In de Richtlijn voor strafvordering luchtvaartwet- en regelgeving zijn uitgangspunten opgenomen voor de straftoemeting van luchtvaartovertredingen. Voor het vliegen in een verboden gebied met dit type luchtvaartuig wordt als uitgangspunt een geldboete van € 800,-- gehanteerd en voor een gebrekkige voorbereiding een geldboete van € 425,--.

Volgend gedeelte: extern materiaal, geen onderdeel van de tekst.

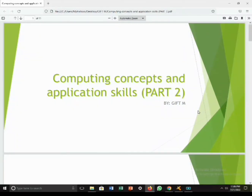Hello beautiful people! As promised, I made a part two of computing concepts and application skills. Before we get into this video, make sure you subscribe and like — it's totally free and you won't need to pay anything.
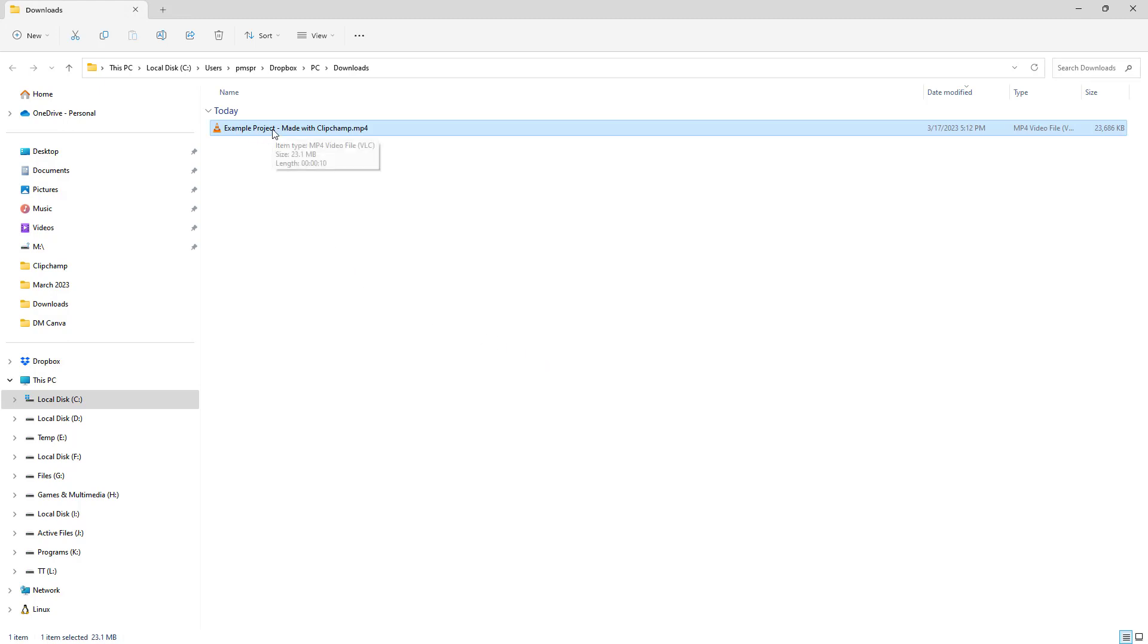This is an MP4 format, as you can see right here, which is a universal format accepted by many social media platforms and is a common format these days for video sharing.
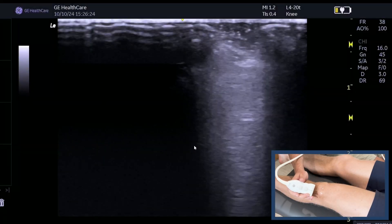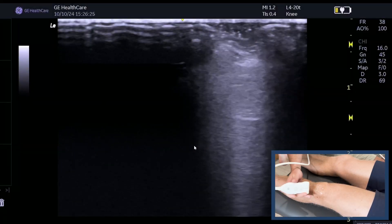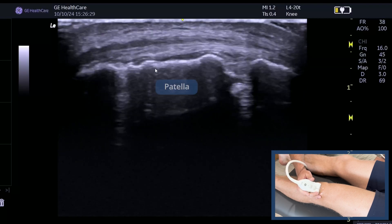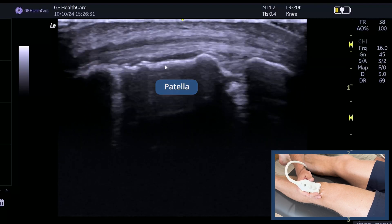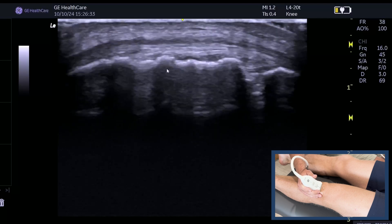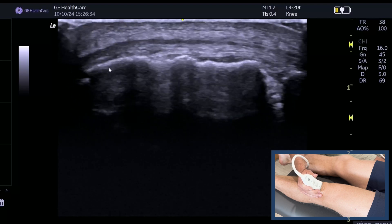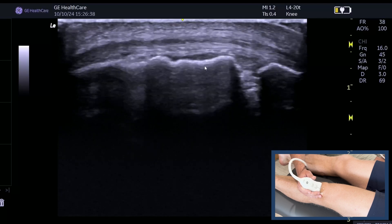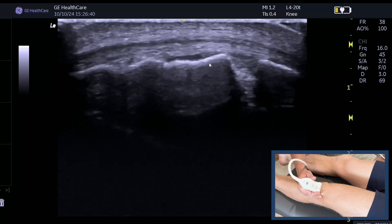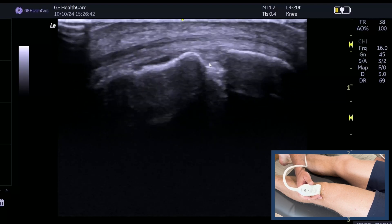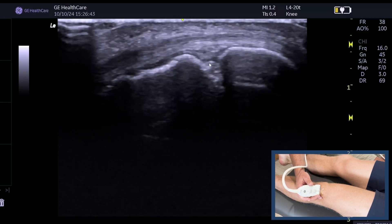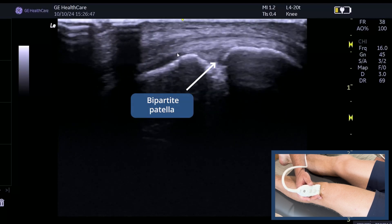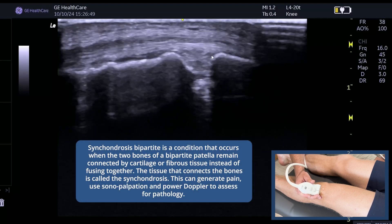This is a nice example of a bipartite patella, and you can see it beautifully on ultrasound. This is the kneecap here — the patella — and you can see there's quite a lot of cortical regularity throughout. This is a professional gymnast. What you can see here is the bipartite, and it's really, really obvious because we can see the cortex of the bone very nicely.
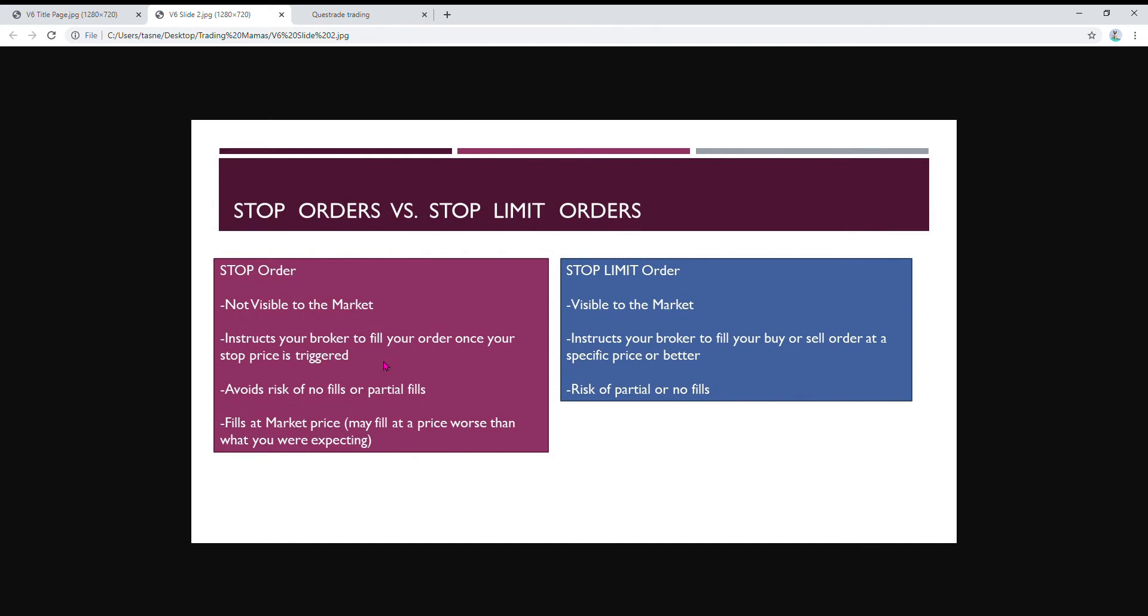Let's say you bought Tesla for $600 and it's $800 now, and you want to make sure you protect some of your profits. You can set your stop price at $700 and then it'll be triggered at that point and then your broker will sell your shares for you.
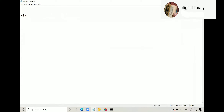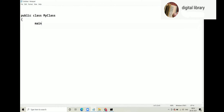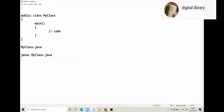Let's look at an example. We have a public class MyClass with a main method and some code. We will save this file as MyClass.java. Yesterday we discussed the source file declaration rule. When we compile with 'javac MyClass.java', we will get MyClass.class.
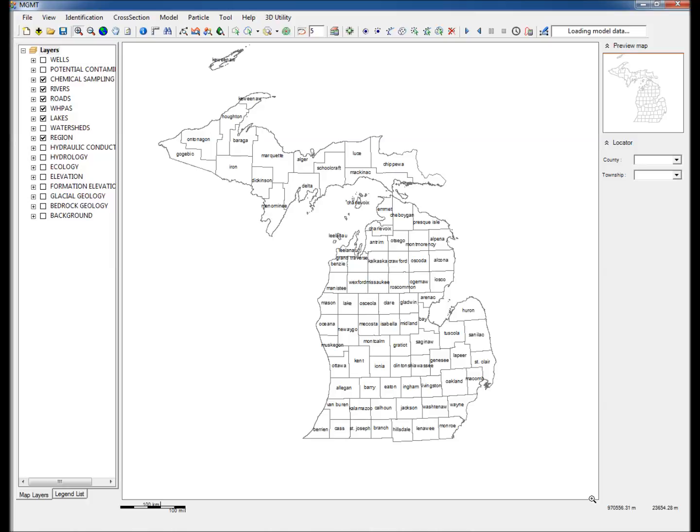This video illustrates the use of the Michigan Groundwater Management Tool, MGMT, to delineate groundwater flow directions using extensive hydrogeologic data from Michigan's massive statewide groundwater database.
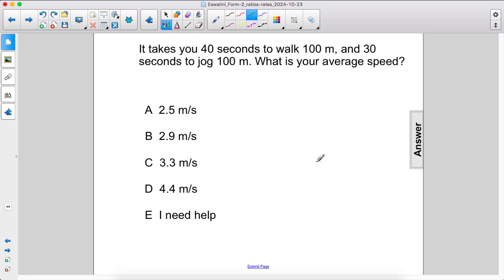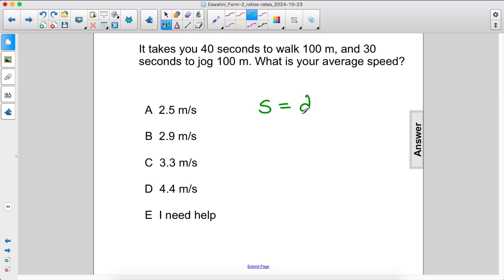It takes you 40 seconds to walk 100 meters and 30 seconds to jog 100 meters. What is your average speed? Average speed is total distance over total time.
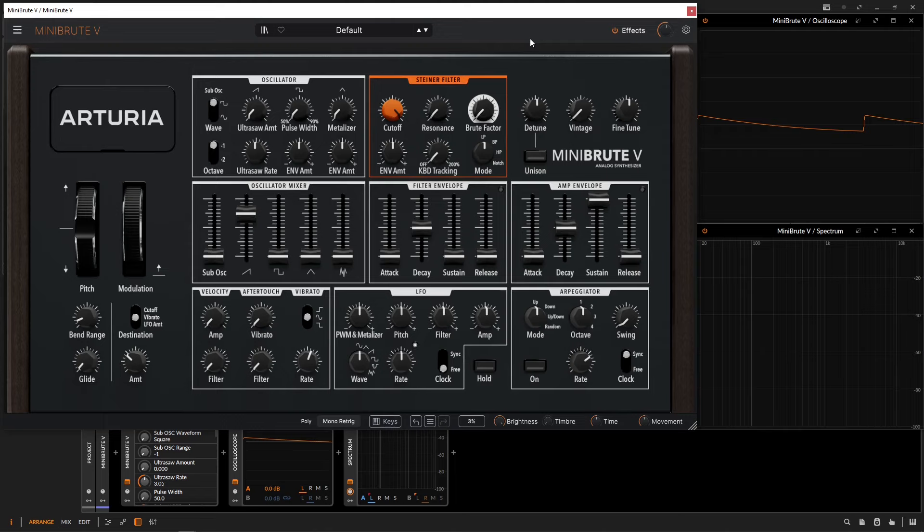Hey guys, John here, and welcome back to the Arturia MiniBrute V tutorial course. In today's video,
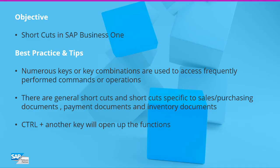Welcome to the session on SAP Business One, Keyboard Shortcuts. In SAP you can use numerous keys or key combinations to access frequently performed commands or operations.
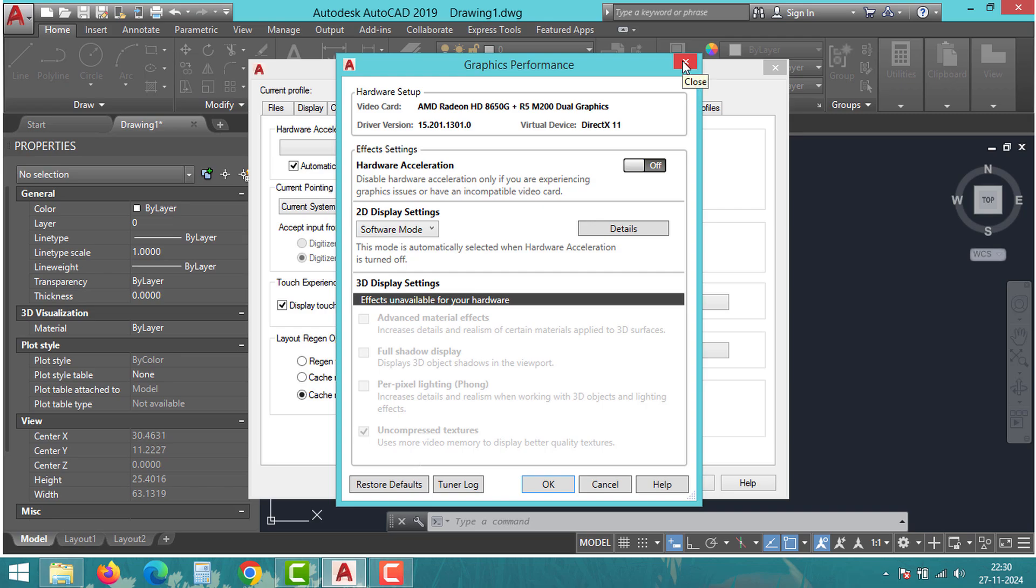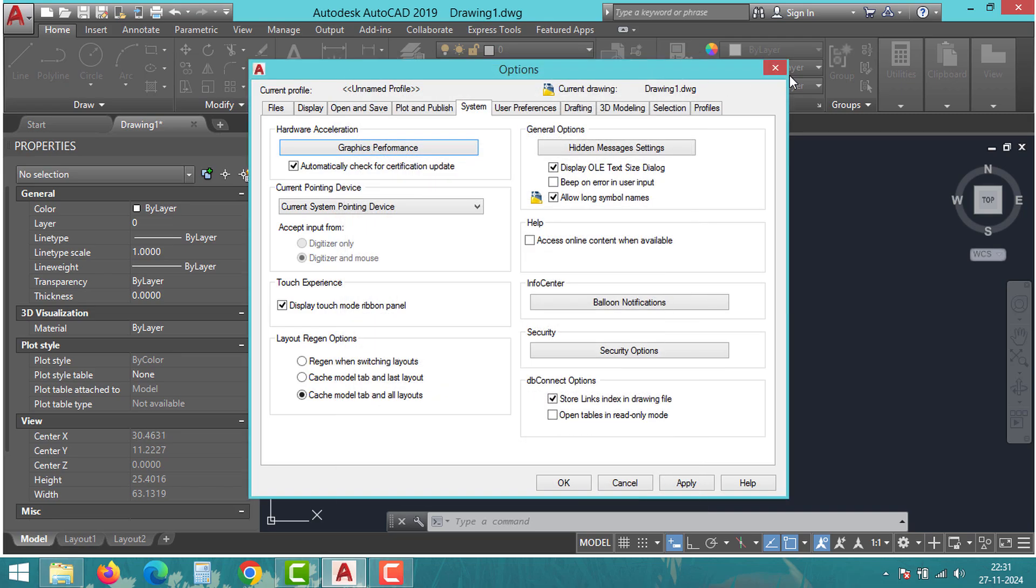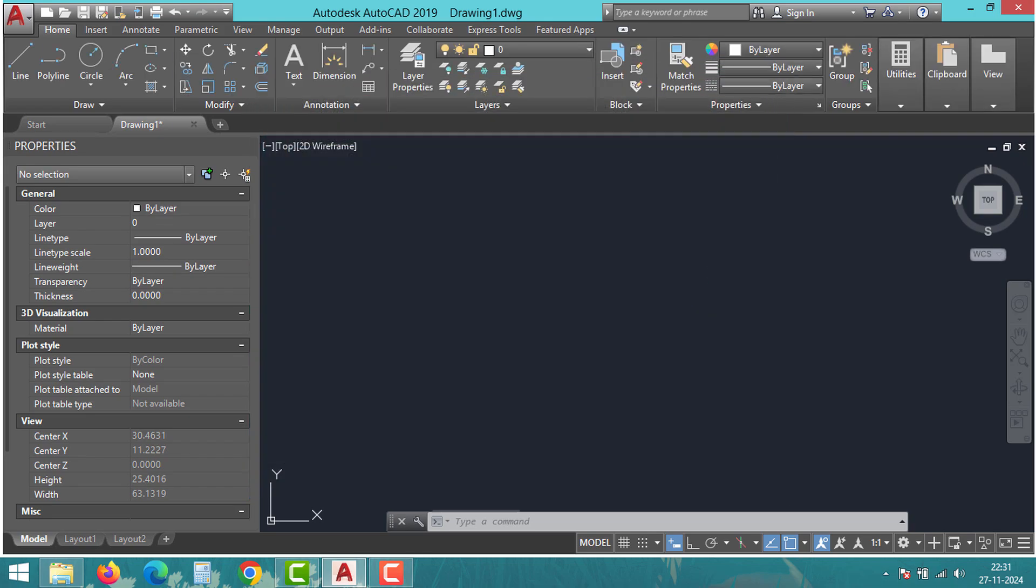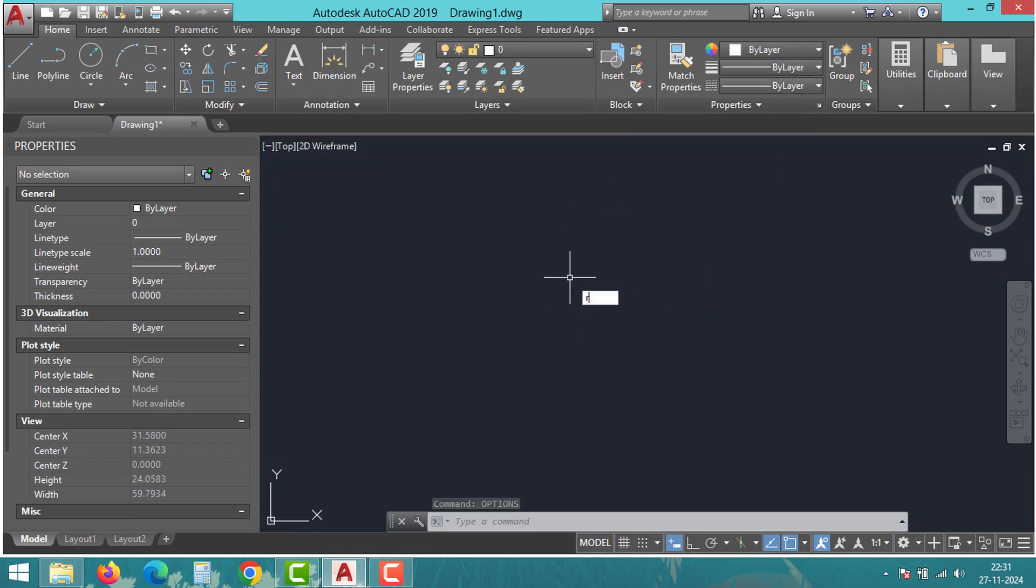Finally, restart AutoCAD and test your settings. After applying these fixes, open AutoCAD again and test the zoom and pan features using the scroll wheel or middle button.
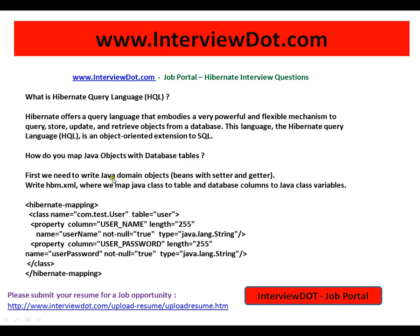First, we need to write Java domain object beans with setter and getter methods. Then write an HBM XML file where we map the Java class to a table, and database columns to Java class variables. For example, this is the Java class com.test.User. The column name is username, length 255, not null, and the data type is java.lang.String.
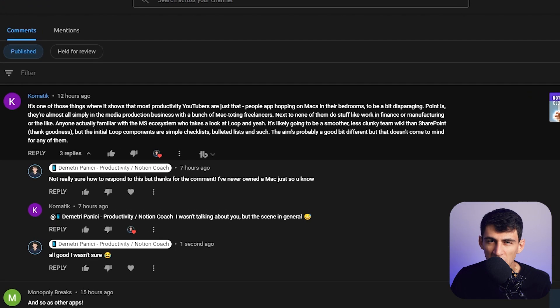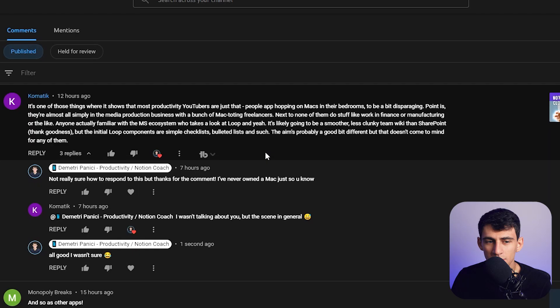I just received this comment and I feel like making a response video to the drama — just kidding, I don't believe in that. I make productivity app videos, but y'all remember when I made that Microsoft Loop video?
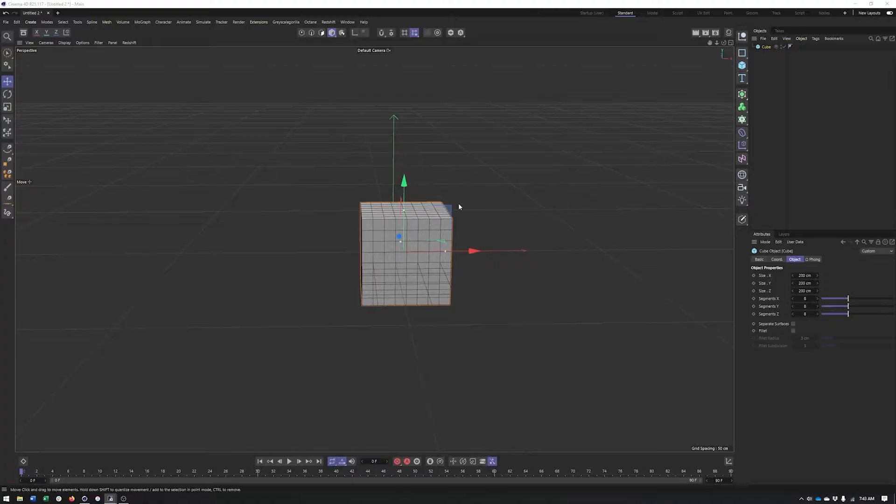So in this video, we're going to take a look at poly effects, kind of this weird hybrid effector MoGraph object that while it's been around a long time, it still has some fun and interesting uses. So let's go ahead and take a look.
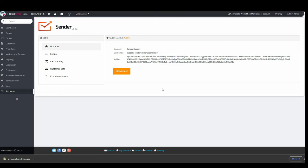Congratulations, you successfully installed the Sender.net plugin. That's it and see you guys in the next videos. Bye for now.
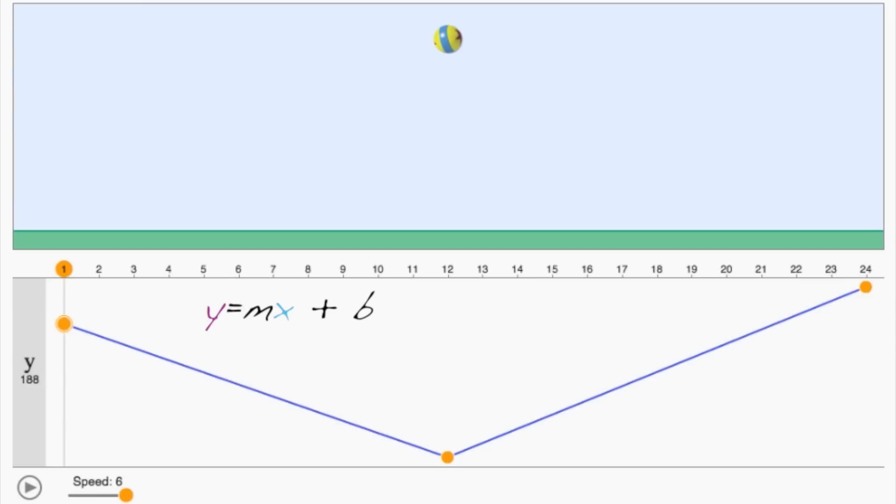Now we don't know the slope and intercept directly, but we do have two points on the line, which is enough information to calculate them.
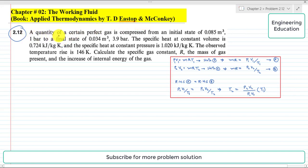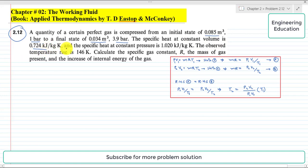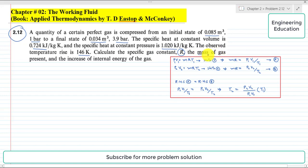The statement of the problem is: a quantity of a certain perfect gas is compressed from an initial state of 0.085 cubic meters at 1 bar to a final state of 0.034 cubic meters at 3.9 bar. The specific heat at constant volume is 0.724 kJ/kg·K and the specific heat at constant pressure is 1.020 kJ/kg·K. The observed temperature rise is 146 K. Calculate: (1) the specific gas constant R, (2) the mass of the gas present, and (3) the increase of internal energy of the gas.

De verdachte verklaarde tegenover de luchtvaartpolitie dat hij een transactie zou aanvaarden. De luchtvaartofficier van justitie meent echter dat in dit geval een sanctie geen toegevoegde waarde heeft en heeft besloten de zaak tegen de verdachte te seponeren. Afgezien van het feit dat er in dit geval geen gevaar is geweest voor ander luchtverkeer (wat natuurlijk niet verdachtes verdienste is geweest), acht de luchtvaartofficier van justitie het van belang dat de verdachte zijn fout onomwonden heeft erkend, dat hij daarbij de context van die fout heeft geschetst en dat hij daarop goed heeft gereflecteerd. De luchtvaartofficier van justitie moedigt de verdachte vooral aan om de les die de verdachte uit het gebeuren heeft getrokken, breed te delen met andere vliegers.